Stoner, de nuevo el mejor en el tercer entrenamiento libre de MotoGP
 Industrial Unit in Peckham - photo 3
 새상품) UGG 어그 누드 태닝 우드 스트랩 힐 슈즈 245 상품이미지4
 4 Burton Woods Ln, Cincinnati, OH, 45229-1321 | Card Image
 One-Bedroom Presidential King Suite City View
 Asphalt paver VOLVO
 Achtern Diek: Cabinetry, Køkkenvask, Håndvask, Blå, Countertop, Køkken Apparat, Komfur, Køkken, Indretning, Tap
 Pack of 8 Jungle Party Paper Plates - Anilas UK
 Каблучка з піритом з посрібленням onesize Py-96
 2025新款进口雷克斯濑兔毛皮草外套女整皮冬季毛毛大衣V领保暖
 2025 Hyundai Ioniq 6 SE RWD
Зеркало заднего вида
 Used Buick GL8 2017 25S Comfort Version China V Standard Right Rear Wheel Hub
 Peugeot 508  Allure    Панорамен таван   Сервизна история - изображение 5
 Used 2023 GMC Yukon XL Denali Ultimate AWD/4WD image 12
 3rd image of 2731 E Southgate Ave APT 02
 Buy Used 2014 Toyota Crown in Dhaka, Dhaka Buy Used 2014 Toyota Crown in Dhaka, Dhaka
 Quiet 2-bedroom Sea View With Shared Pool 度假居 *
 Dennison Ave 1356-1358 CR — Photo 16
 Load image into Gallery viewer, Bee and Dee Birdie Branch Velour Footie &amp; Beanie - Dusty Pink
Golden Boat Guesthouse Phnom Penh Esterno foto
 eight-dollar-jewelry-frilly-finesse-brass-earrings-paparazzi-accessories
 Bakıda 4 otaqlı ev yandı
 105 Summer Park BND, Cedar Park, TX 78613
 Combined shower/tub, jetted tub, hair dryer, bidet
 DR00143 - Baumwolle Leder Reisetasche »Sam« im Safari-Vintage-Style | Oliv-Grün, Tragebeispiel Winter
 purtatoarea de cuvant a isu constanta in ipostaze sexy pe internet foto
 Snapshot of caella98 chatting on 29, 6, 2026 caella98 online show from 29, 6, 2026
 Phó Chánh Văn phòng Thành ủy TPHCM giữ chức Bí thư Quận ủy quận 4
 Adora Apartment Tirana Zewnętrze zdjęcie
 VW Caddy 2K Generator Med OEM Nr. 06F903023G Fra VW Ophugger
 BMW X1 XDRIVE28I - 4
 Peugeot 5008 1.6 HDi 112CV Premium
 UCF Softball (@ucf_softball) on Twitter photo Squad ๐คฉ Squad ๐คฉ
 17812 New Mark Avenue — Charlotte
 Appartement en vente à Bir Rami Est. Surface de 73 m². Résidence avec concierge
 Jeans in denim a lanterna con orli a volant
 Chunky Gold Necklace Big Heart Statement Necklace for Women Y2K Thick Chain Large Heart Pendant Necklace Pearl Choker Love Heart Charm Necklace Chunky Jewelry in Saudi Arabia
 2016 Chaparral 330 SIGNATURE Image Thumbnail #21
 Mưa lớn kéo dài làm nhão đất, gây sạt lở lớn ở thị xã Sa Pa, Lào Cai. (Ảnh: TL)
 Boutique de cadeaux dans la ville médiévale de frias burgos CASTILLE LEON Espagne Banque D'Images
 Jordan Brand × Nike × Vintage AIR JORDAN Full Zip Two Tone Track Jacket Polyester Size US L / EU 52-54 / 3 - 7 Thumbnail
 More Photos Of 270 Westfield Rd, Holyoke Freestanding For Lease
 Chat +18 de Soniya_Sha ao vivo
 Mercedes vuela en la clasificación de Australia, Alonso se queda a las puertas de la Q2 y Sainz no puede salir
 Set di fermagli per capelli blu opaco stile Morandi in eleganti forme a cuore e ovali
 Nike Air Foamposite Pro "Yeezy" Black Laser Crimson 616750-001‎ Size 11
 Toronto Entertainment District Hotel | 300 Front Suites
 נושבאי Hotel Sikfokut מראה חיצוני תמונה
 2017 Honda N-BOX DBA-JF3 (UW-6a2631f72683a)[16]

________

- _EXERCISE GOAL_
Which lines of the records above contain the word "foto"? Show each of them.

- _RESPONSE TO THE EXERCISE_
Golden Boat Guesthouse Phnom Penh Esterno foto
 purtatoarea de cuvant a isu constanta in ipostaze sexy pe internet foto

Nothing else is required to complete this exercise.